[[ RECORDS PROVIDED open ]]
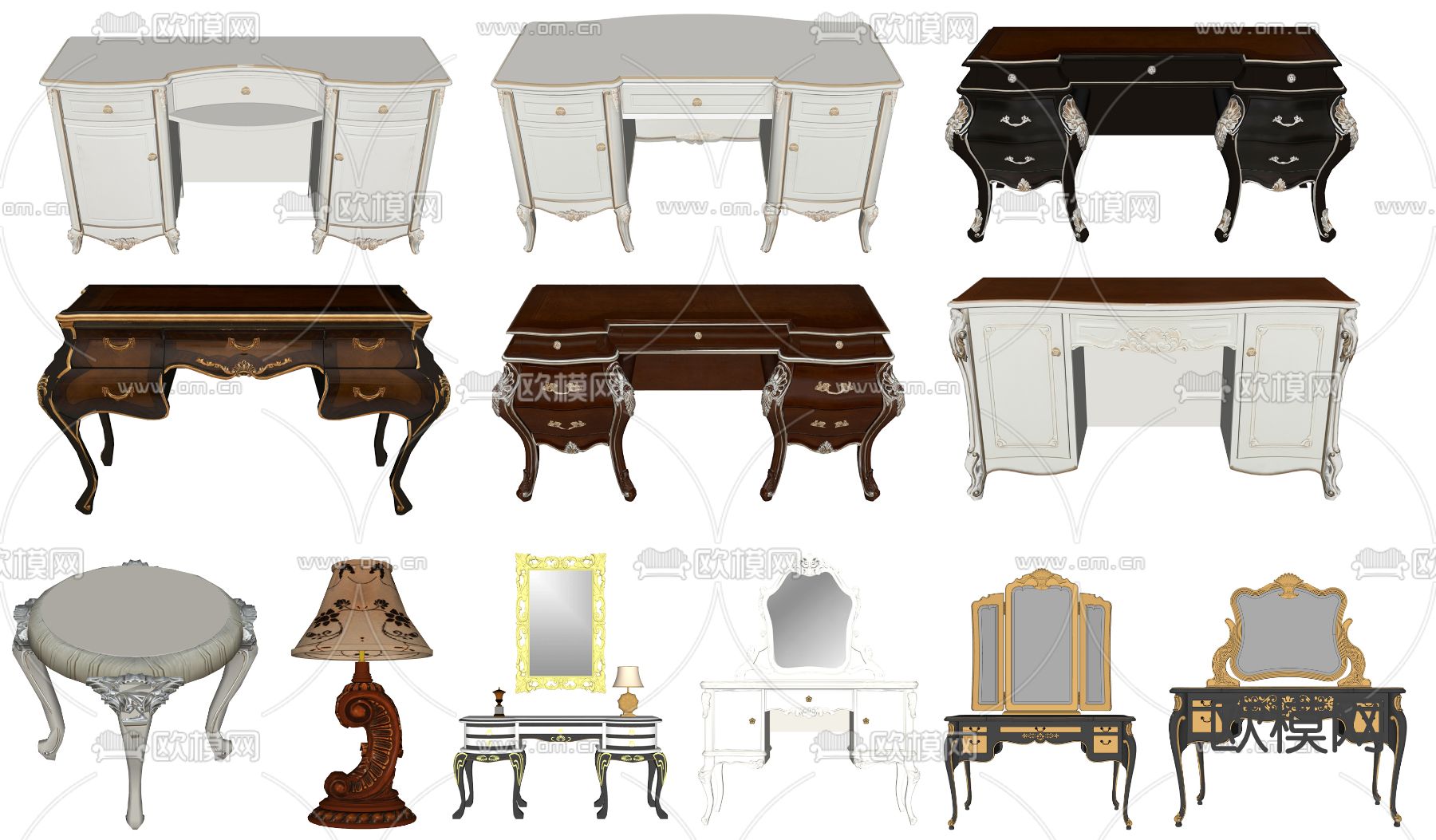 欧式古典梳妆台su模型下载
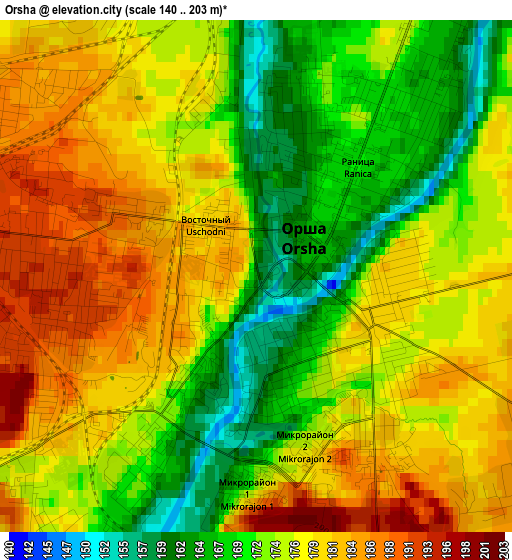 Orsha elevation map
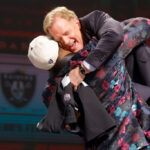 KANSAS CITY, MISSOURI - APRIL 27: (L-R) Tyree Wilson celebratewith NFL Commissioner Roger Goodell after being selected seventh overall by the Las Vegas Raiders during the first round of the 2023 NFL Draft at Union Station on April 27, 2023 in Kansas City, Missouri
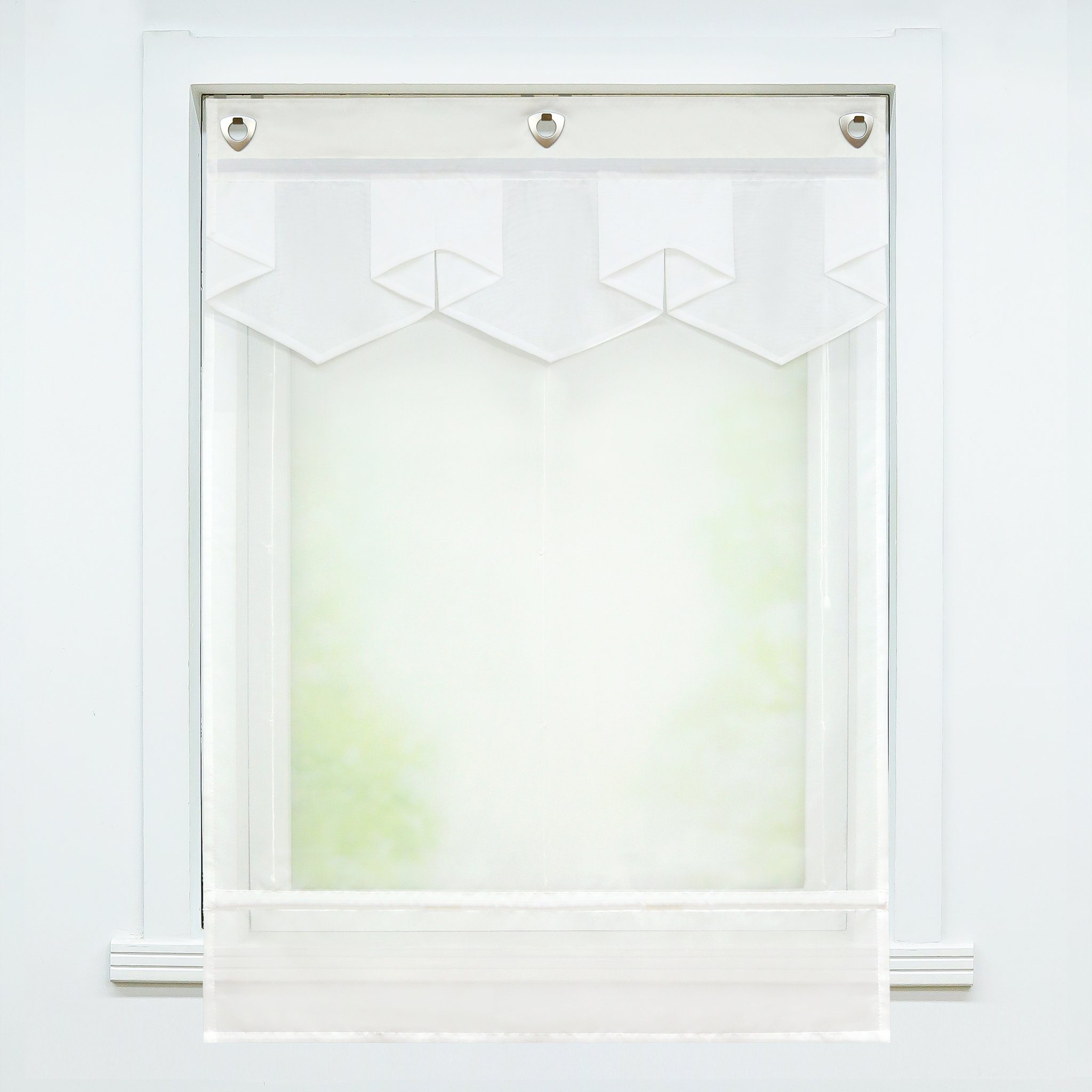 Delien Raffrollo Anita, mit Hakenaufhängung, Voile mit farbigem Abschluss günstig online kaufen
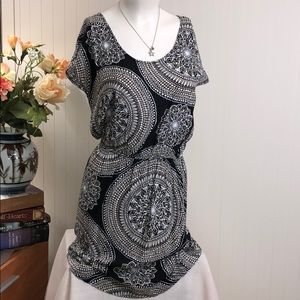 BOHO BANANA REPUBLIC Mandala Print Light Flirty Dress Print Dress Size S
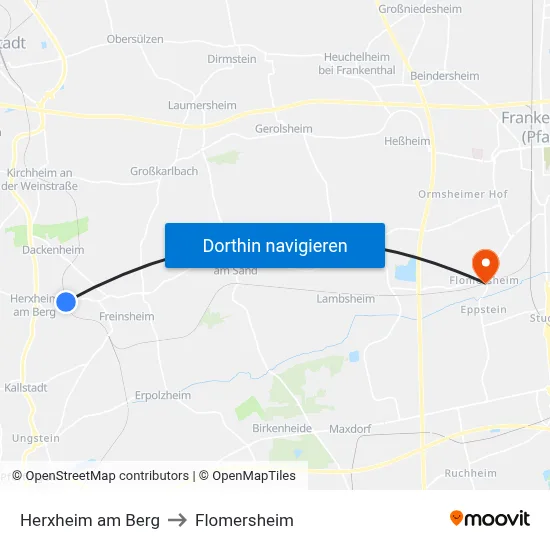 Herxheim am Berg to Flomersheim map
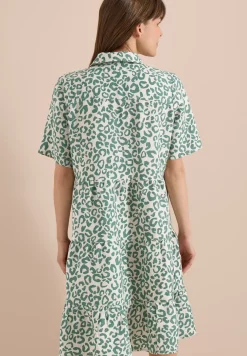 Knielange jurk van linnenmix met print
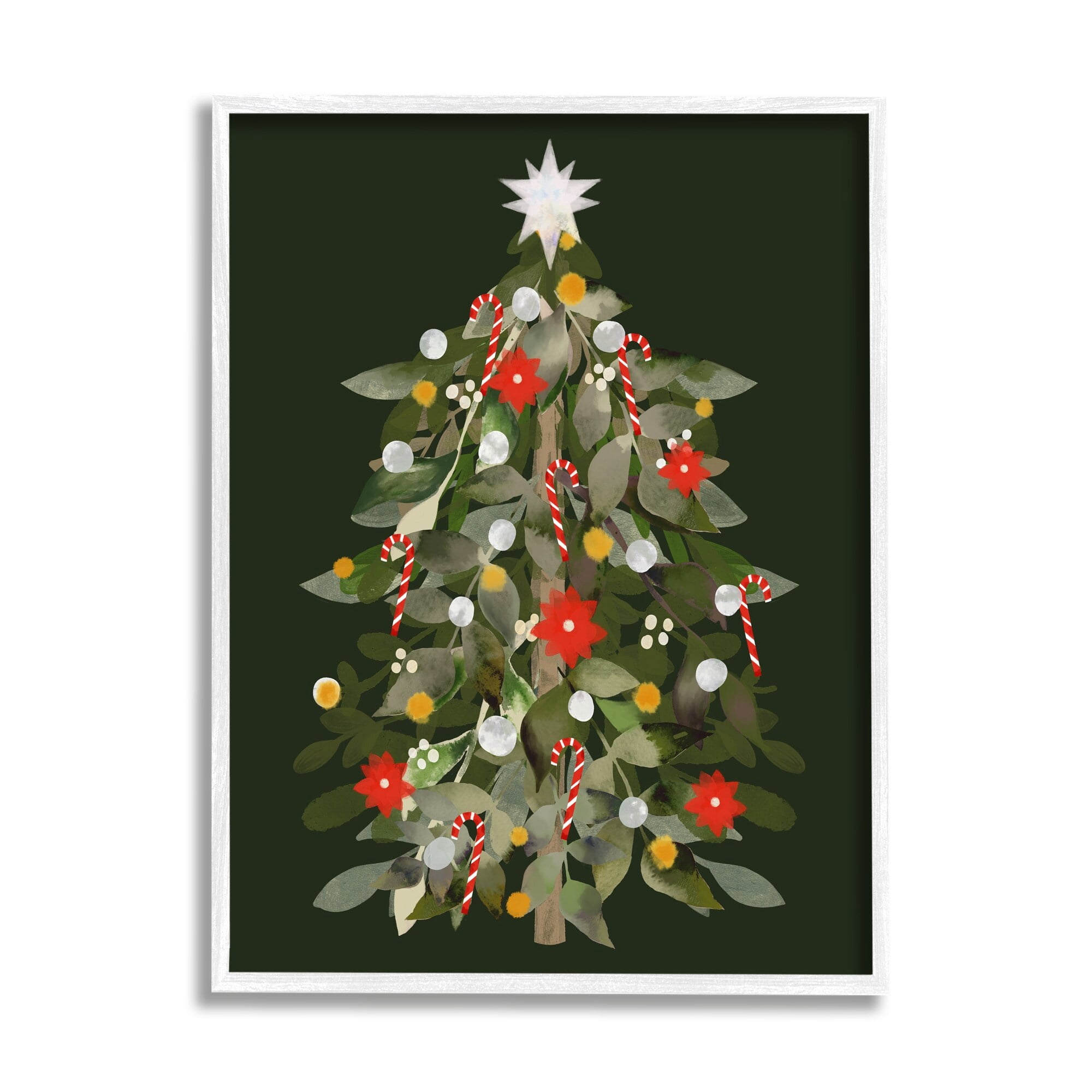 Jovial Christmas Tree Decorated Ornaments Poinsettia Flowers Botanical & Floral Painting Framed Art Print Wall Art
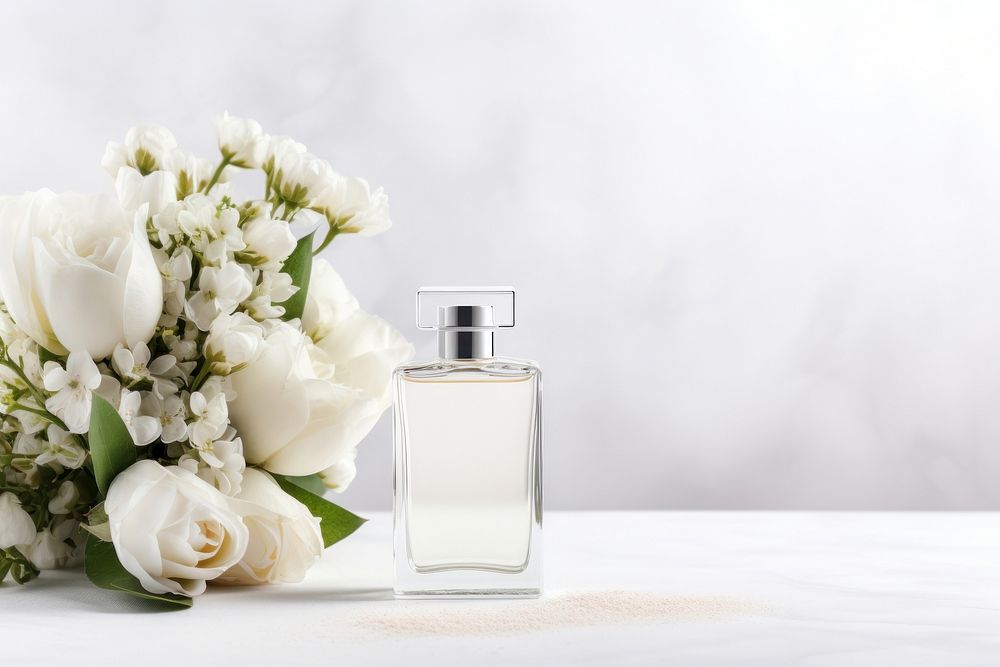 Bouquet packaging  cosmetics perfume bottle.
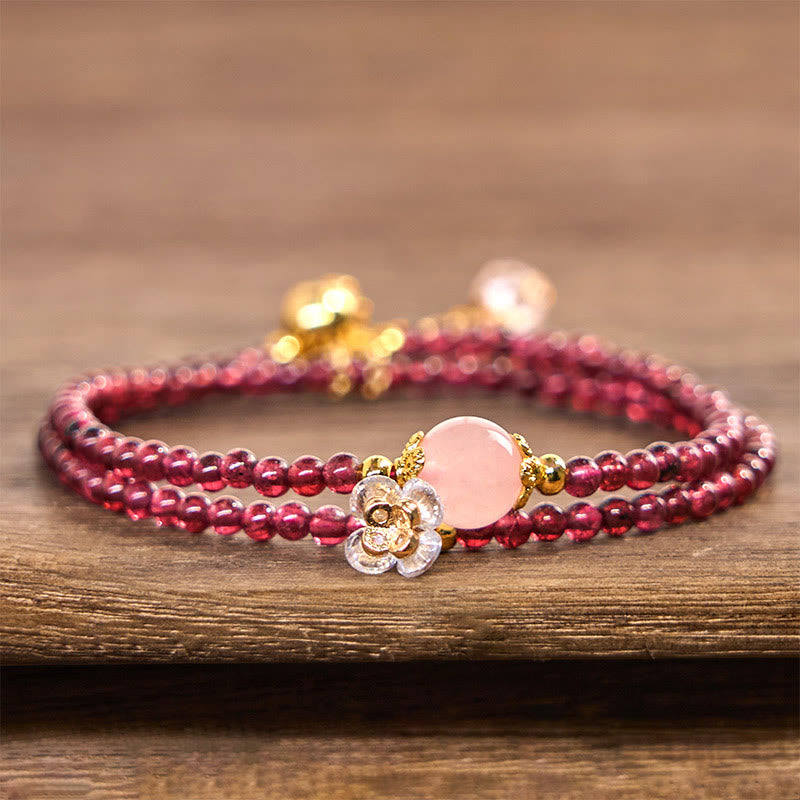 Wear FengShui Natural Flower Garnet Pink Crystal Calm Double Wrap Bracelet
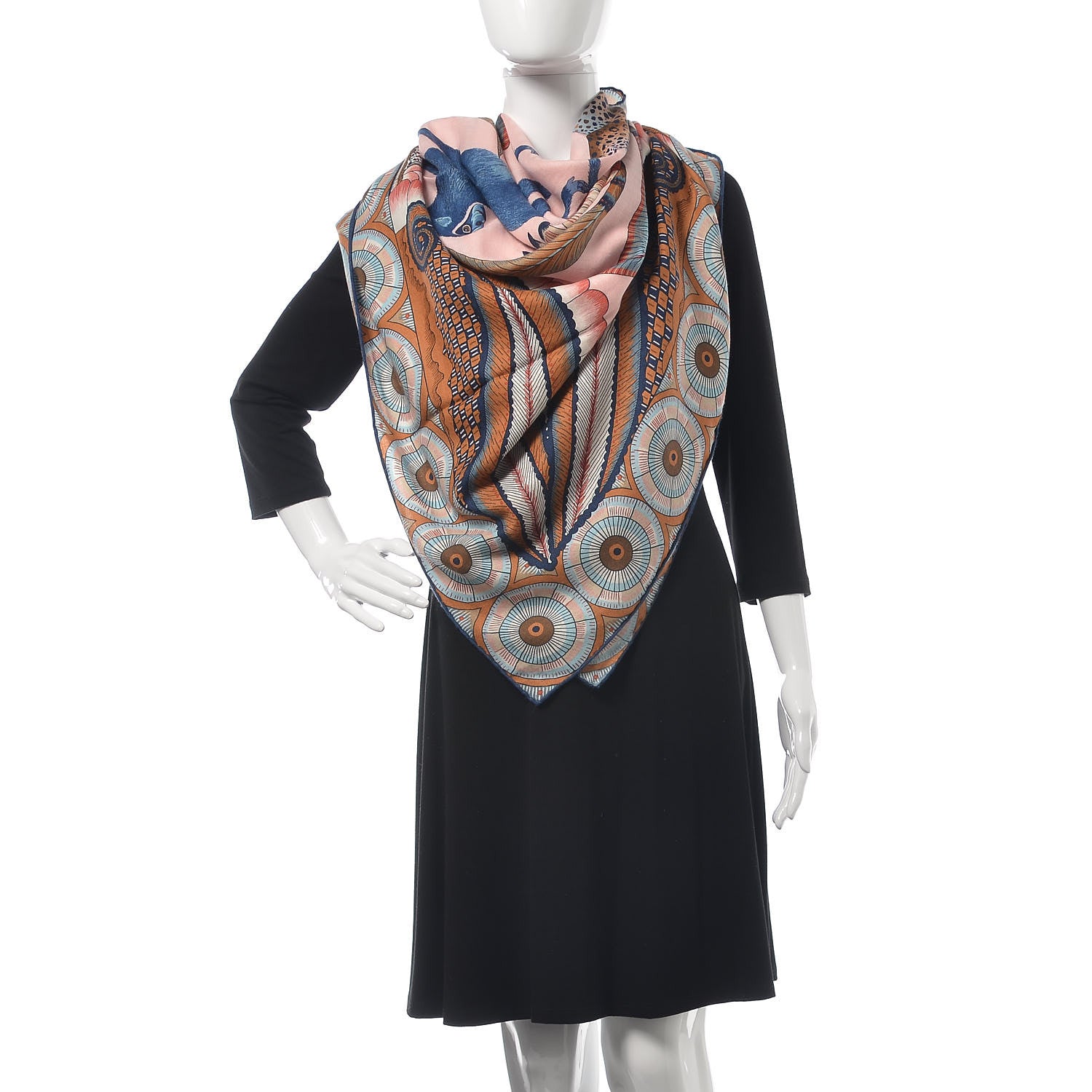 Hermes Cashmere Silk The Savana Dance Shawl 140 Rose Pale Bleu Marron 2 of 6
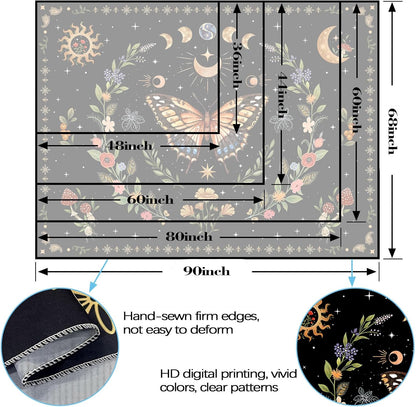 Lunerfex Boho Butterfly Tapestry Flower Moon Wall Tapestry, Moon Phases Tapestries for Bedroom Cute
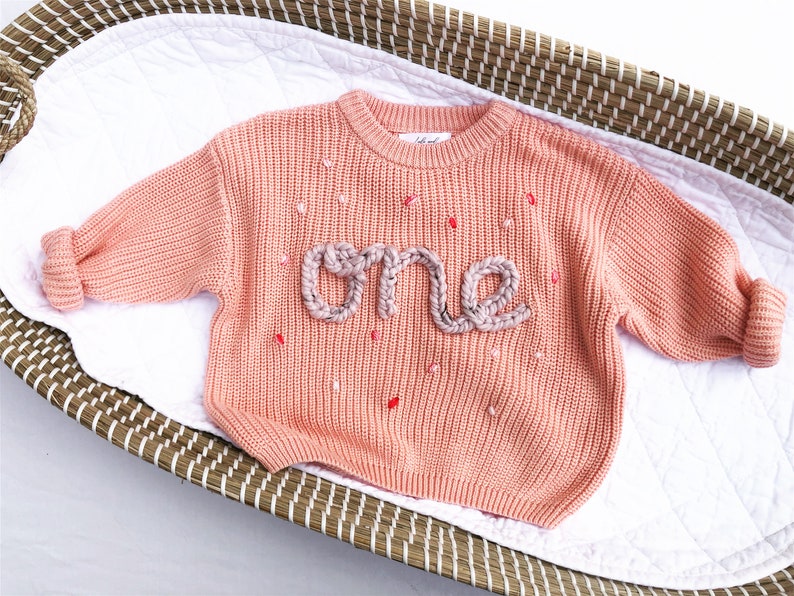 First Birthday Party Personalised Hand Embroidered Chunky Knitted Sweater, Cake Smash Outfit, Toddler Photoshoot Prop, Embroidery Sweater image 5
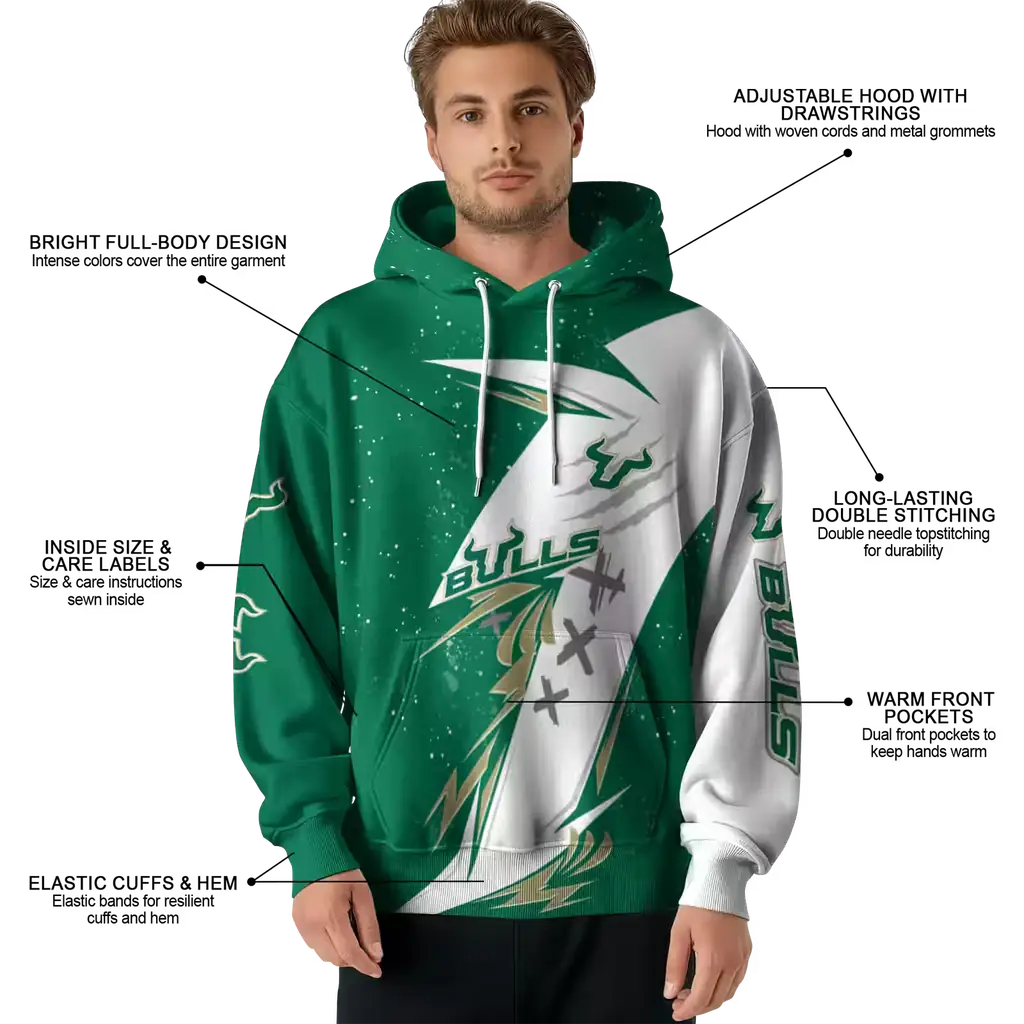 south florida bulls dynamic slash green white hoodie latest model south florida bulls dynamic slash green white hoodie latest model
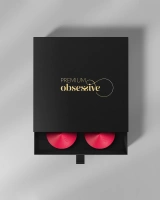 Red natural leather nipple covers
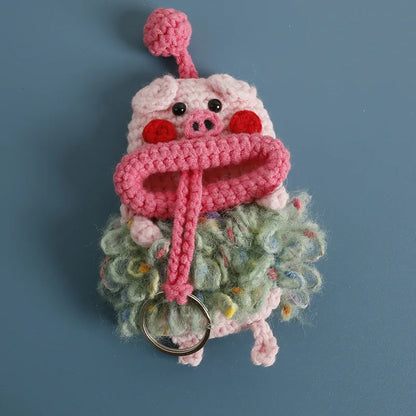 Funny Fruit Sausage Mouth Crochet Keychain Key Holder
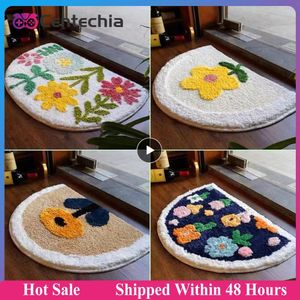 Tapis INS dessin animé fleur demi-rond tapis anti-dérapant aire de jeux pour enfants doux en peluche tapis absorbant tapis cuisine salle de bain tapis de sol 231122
[[ RECORDS PROVIDED closed ]]
§ EXERCISE AIM
Extract only the lines from the line containing "Red natural leather nipple covers" through the final line of the records; keep both ends and drop every picture.

§ TASK RESPONSE
 Red natural leather nipple covers
 Funny Fruit Sausage Mouth Crochet Keychain Key Holder
 Tapis INS dessin animé fleur demi-rond tapis anti-dérapant aire de jeux pour enfants doux en peluche tapis absorbant tapis cuisine salle de bain tapis de sol 231122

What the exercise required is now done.